Demander à un organiste d’écrire un article sur le silence relève presque de la provocation ! Pourtant, la place des instruments durant le Carême est singulière et participe activement de la sanctification du temps. Dominique Joubert, organiste et diacre du diocèse de Valence nous donne les pistes pour mettre en pratique cette recommandation.

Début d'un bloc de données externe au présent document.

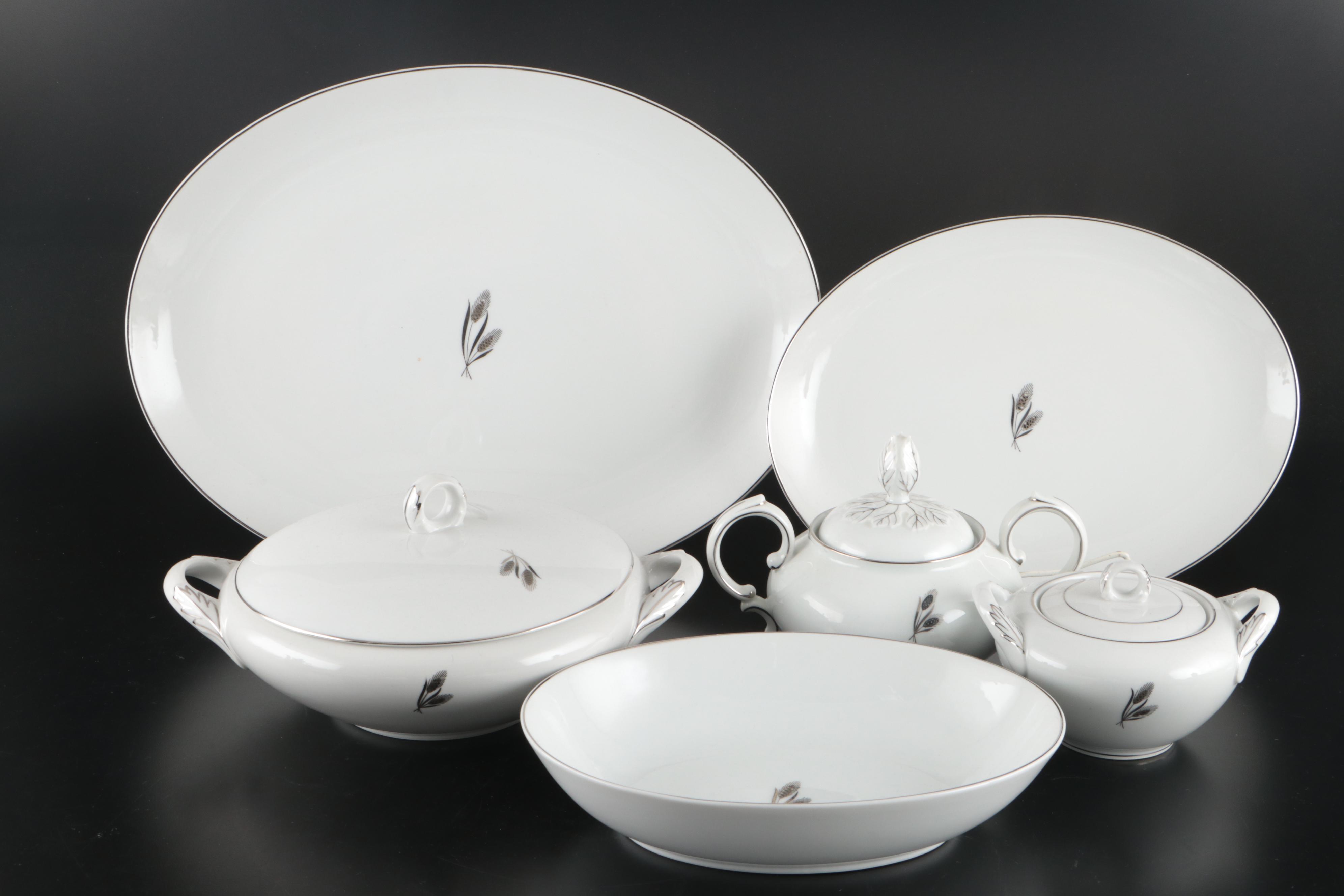 Fukagawa "Silver Wheat" Porcelain Dinnerware, Mid to Late 20th Century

Dans le Premier Livre des Rois (ch.19) Elie marche 40 jours et 40 nuits au désert et se réfugie dans une grotte, au Mont Horeb où le Seigneur l’interpelle :
« Sors et tiens-toi sur la montagne devant le Seigneur, car il va passer. » À l’approche du Seigneur, il y eut un ouragan, si fort et si violent qu’il fendait les montagnes et brisait les rochers, mais le Seigneur n’était pas dans l’ouragan ; et après l’ouragan, il y eut un tremblement de terre, mais le Seigneur n’était pas dans le tremblement de terre ; et après ce tremblement de terre, un feu, mais le Seigneur n’était pas dans ce feu ; et après ce feu, le murmure d’une brise légère. Aussitôt qu’il l’entendit, Élie se couvrit le visage avec son manteau, il sortit et se tint à l’entrée de la caverne. Alors il entendit une voix qui disait : « Que fais-tu là, Élie ? »
Comprendre
Demander à un organiste d’écrire un article sur le silence relève presque de la provocation, tant cet instrumentiste est au service d’un des instruments les plus « bruyants » du monde !
Cette question du silence de l’orgue et des instruments au Carême, agace certains confrères qui ont l’impression d’être brimés par un clergé autoritaire qui ne comprendrait pas leur talent...
Jeûner
La fonction liturgique de l’orgue est entre autres de mener au silence intérieur, en cela il exerce un ministère1 sous les doigts de son animateur qui en reçoit la charge à sa nomination.
L’instruction « Musicam Sacram » de 1967 en précise bien les contours :
« Il est tout à fait souhaitable que les organistes et autres instrumentistes ne soient pas seulement experts dans le jeu de l’instrument qui leur est confié ; mais ils doivent connaître et pénétrer intimement l’esprit de la liturgie pour qu’en exerçant leur fonction,(...) ils enrichissent la célébration selon la vraie nature de chacun de ses éléments, et favorisent la participation des fidèles. »
Au Carême, le peuple de Dieu traverse le désert. C’est la période du jeûne, de l’aridité qui relève de l’exercice spirituel. En demandant le silence de l’orgue est des instruments, l’Église ne demande pas l’arrêt de la musique. Le chant reste. Mais, le manque d’orgue est justement... l’accompagnement de cette marche au désert2 !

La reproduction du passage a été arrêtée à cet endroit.